● **Your task**
For each entry, return the text exactly and omit any image.

Records drawn from a dataset
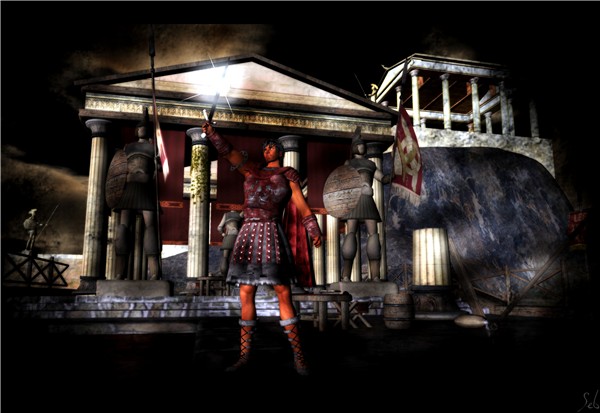 Gladiator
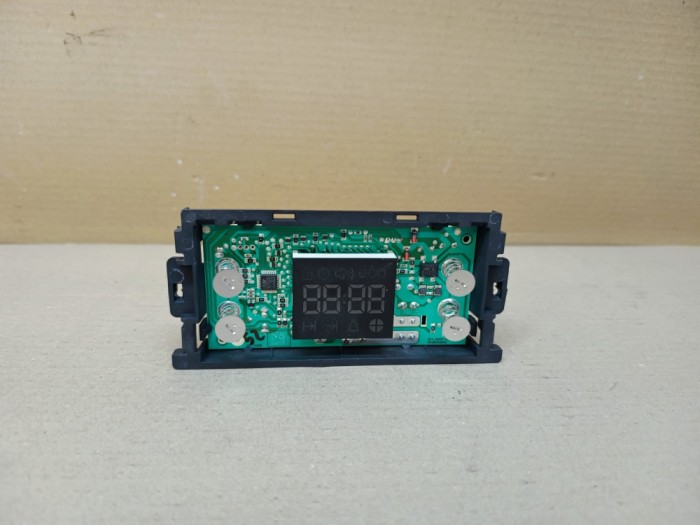 placa electronica cuptor electric Arctic Aroie 21300 rxc / C87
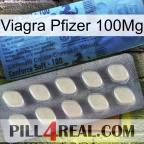Viagra Pfizer 100Mg 34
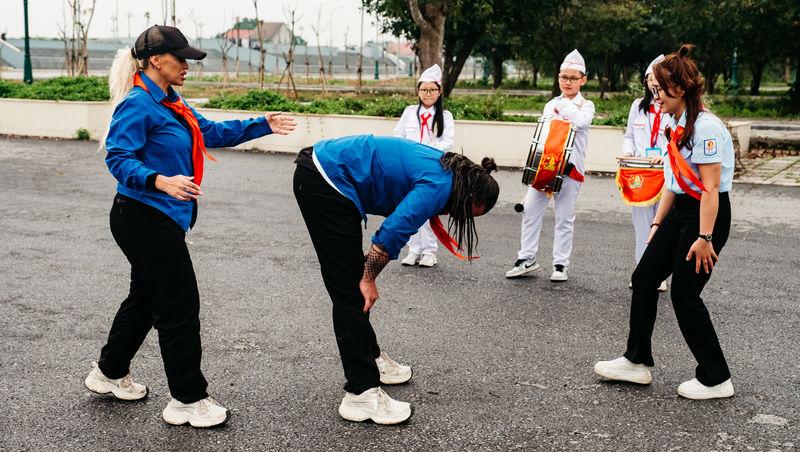 Asia Express sezonul 8, 8 octombrie 2025. Ce echipă a fost eliminată de pe Drumul Eroilor în etapa cinci: „Mai rar așa ceva!”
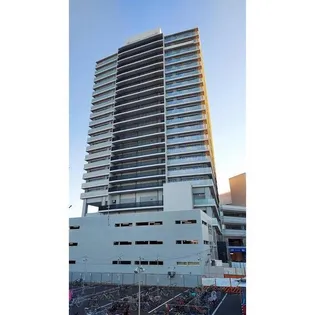 ブランズタワー大船【6階】の外観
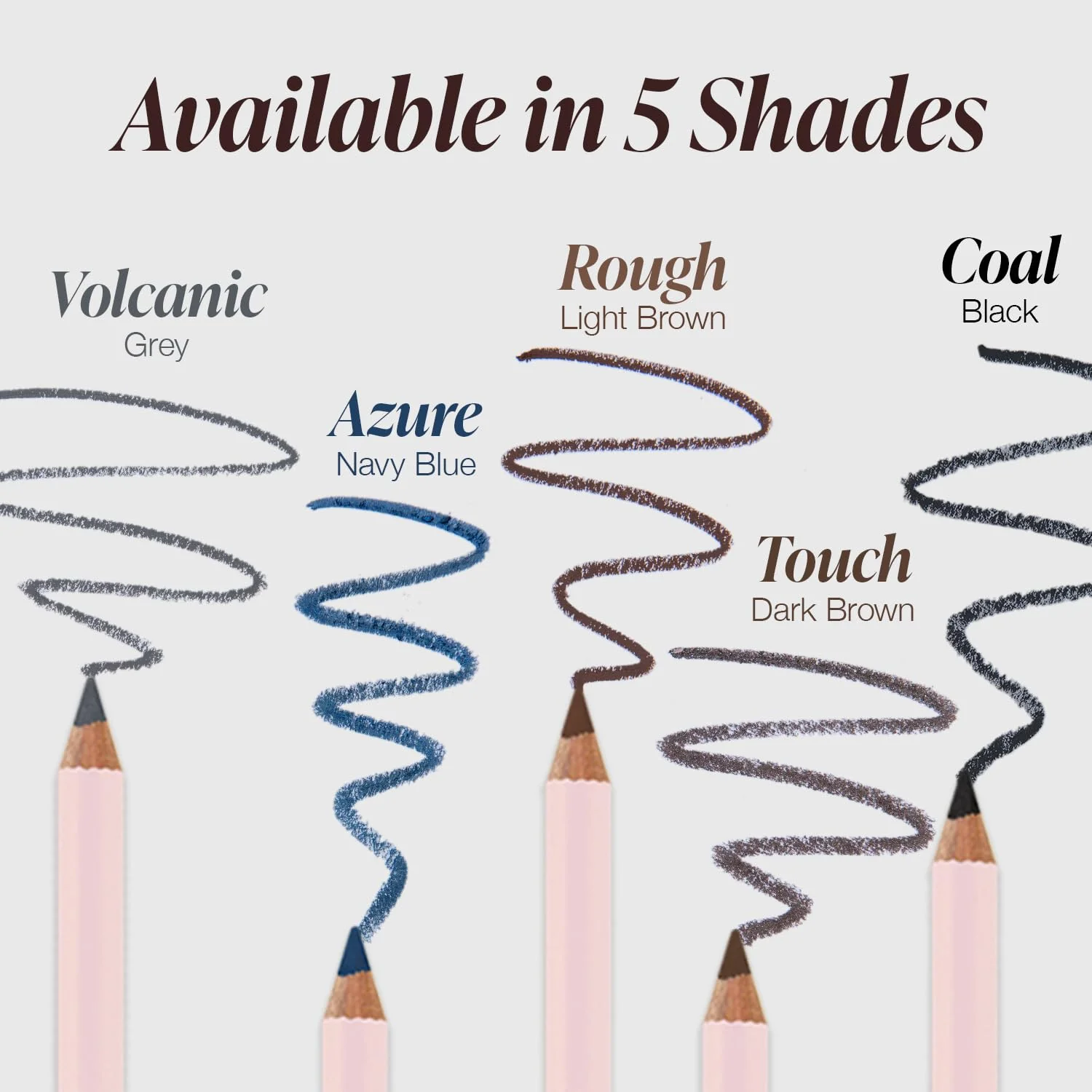 Mineral Fusion Natural Brands - Eye Pencil Azure (1.1g) - Image 7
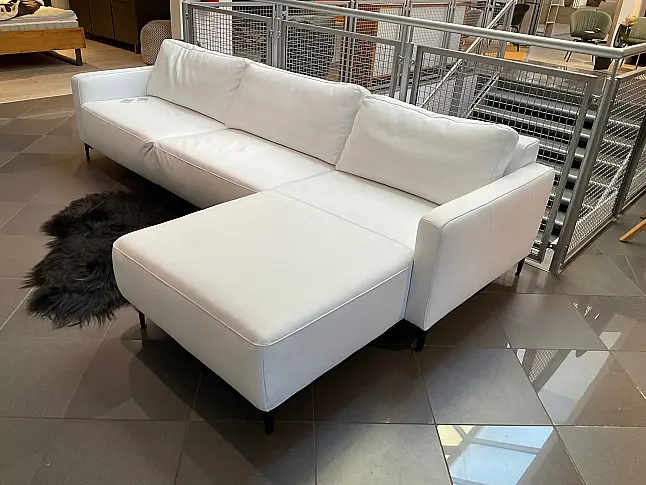 Ledercouch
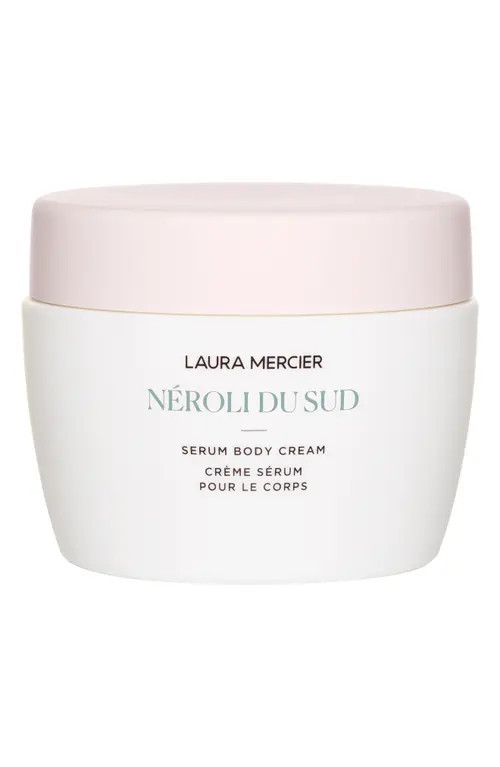 Laura Mercier Serum Body Cream in Neroli Du Sud at Nordstrom | Nordstrom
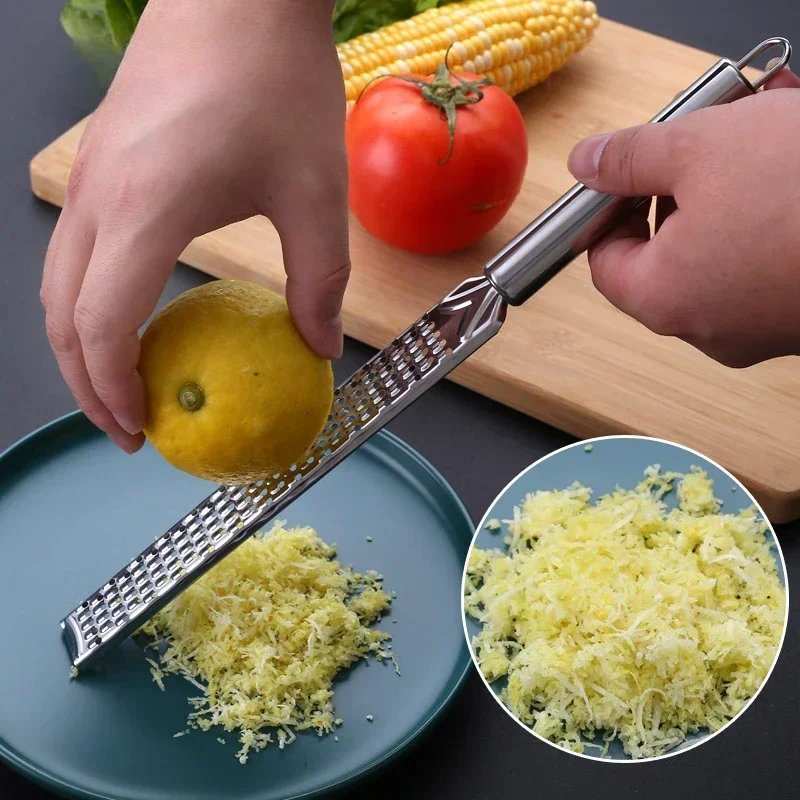 Stainless Steel Grater Cheese  - Cheese Grater Box 评论和价格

● **Solved problem**
 Gladiator
 placa electronica cuptor electric Arctic Aroie 21300 rxc / C87
Viagra Pfizer 100Mg 34
 Asia Express sezonul 8, 8 octombrie 2025. Ce echipă a fost eliminată de pe Drumul Eroilor în etapa cinci: „Mai rar așa ceva!”
 ブランズタワー大船【6階】の外観
 Mineral Fusion Natural Brands - Eye Pencil Azure (1.1g) - Image 7
 Ledercouch
 Laura Mercier Serum Body Cream in Neroli Du Sud at Nordstrom | Nordstrom
 Stainless Steel Grater Cheese  - Cheese Grater Box 评论和价格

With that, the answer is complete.